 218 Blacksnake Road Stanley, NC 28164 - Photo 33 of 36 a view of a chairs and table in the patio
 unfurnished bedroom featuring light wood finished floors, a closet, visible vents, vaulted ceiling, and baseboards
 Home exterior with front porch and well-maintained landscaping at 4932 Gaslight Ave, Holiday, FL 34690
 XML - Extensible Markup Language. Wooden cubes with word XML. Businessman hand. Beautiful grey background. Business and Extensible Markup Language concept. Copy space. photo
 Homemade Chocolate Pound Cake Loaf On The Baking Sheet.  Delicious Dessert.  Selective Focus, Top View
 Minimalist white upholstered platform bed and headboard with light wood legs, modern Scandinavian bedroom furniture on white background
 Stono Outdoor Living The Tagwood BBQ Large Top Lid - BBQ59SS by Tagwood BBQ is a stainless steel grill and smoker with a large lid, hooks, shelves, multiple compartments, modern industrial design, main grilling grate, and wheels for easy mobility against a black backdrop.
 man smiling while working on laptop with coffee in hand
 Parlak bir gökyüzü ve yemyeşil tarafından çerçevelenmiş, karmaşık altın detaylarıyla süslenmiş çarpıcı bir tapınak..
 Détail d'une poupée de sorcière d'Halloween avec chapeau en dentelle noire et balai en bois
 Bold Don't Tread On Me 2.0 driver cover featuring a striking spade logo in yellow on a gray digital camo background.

==

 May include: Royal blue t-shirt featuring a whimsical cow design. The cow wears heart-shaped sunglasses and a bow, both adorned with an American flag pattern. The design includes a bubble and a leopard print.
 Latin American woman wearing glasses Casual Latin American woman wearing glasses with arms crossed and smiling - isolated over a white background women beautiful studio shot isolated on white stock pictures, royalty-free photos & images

INSTRUCTIONS TO FOLLOW
Go through the records above. Copy each line in which the string "American" appears.

THE ANSWER
 May include: Royal blue t-shirt featuring a whimsical cow design. The cow wears heart-shaped sunglasses and a bow, both adorned with an American flag pattern. The design includes a bubble and a leopard print.
 Latin American woman wearing glasses Casual Latin American woman wearing glasses with arms crossed and smiling - isolated over a white background women beautiful studio shot isolated on white stock pictures, royalty-free photos & images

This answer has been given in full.